Understand how expenses work on your taxes
Let me tell you right now: DO NOT, I repeat DO NOT ask for or listen to tax advice on Facebook or Reddit or any other forums.
I guarantee, you will be beseiged with bad advice.
What I cannot get over is how someone will ask a tax question in a forum, get a horrible answer, but take it as gospel.
One of the worst answers I see is “you cannot claim expenses unless you itemize your deductions.”
That one common mistake can cost you thousands of dollars in extra tax money. Please, Please find a tax expert. Do NOT follow that advice. Or any other that you receive, at least without confirming it with reputable sites or experts.
As an independent contractor, your business expenses are not recorded in your deductions.
I know, this part probably doesn’t make sense, but when you do your taxes you actually claim your expenses in the INCOME section of your taxes.

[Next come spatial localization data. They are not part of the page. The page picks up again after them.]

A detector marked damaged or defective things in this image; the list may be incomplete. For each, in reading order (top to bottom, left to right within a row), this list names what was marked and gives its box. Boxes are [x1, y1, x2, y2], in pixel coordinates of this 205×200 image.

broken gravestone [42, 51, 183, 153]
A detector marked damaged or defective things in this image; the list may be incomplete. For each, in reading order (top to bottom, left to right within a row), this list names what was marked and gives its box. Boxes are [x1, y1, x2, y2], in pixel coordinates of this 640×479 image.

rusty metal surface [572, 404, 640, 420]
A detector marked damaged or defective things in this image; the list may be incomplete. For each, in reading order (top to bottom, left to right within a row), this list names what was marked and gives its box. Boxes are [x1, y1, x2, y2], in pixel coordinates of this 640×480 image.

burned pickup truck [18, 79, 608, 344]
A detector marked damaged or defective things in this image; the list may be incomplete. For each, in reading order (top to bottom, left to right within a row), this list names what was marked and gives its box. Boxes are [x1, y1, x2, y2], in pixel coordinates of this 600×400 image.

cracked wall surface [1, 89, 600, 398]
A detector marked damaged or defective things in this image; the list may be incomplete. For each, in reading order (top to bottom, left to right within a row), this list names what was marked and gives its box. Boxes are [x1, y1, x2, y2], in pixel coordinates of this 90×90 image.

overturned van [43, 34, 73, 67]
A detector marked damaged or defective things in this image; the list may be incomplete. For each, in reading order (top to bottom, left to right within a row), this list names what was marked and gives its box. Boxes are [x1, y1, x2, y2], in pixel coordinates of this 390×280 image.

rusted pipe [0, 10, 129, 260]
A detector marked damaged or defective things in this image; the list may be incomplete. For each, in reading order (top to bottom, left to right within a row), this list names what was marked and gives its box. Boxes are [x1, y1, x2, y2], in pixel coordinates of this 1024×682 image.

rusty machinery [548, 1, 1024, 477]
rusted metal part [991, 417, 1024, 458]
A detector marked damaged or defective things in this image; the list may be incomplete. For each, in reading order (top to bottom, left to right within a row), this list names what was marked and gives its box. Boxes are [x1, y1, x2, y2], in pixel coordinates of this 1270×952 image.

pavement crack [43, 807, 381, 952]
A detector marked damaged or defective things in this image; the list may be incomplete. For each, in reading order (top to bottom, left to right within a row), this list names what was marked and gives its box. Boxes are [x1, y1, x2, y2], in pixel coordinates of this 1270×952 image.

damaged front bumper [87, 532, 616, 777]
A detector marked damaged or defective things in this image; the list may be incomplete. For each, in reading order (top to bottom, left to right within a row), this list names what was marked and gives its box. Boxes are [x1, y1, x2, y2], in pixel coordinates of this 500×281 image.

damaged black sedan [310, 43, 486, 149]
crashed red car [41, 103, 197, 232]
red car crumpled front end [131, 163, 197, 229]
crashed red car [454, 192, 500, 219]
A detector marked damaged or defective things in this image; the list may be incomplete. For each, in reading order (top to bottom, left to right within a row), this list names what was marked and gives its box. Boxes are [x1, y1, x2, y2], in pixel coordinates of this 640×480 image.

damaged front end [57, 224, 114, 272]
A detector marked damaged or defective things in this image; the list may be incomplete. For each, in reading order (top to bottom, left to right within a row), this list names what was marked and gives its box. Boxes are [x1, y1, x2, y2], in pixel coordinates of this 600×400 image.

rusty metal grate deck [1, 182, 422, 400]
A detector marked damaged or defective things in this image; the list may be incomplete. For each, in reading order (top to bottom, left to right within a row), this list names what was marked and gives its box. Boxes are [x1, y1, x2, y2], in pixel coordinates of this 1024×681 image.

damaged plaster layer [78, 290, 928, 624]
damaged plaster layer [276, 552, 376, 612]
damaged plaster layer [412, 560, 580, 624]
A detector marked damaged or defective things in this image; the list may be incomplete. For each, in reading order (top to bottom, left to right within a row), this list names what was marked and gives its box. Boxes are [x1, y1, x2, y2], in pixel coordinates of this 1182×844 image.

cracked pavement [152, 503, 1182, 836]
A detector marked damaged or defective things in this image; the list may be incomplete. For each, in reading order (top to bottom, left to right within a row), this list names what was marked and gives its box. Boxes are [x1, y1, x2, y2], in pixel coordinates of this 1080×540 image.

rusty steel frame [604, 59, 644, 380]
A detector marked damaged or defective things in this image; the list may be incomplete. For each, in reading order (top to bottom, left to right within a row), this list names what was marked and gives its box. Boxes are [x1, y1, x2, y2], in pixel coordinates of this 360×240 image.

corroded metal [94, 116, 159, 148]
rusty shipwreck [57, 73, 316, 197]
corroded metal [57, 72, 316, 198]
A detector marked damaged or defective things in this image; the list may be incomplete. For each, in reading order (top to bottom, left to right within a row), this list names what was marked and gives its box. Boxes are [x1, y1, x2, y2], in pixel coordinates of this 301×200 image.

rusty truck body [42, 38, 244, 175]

Okay, taxes are confusing sometimes, but there’s a method to the IRS’s madness.
Introducing Schedule C
You may have filed taxes before where you are used to entering your W2 wage information in the income section of your return. As an independent contractor (therefore as a business owner) you pay taxes on your profits, not on all of the money that comes in. The profit is your money coming in MINUS your expenses.
To help you report this, the IRS created a form called schedule C. The Schedule C is the self employed person’s version of a W2 – it’s how you as a business owner report what you made in your business.
I know, there’s a lot of stuff on the form, but the concept is actually pretty simple – what did you make, and what were your expenses? The whole idea of this form is to be a place where you enter both, and THEN you list the profit (money left over after deducting expenses from income) as income as you go back to filling your tax form.
If you were part time and had less than $5,000 in expenses, you may be able to use a simpler version called schedule C-EZ.
That’s a complicated form! Can it really save me thousands of dollars?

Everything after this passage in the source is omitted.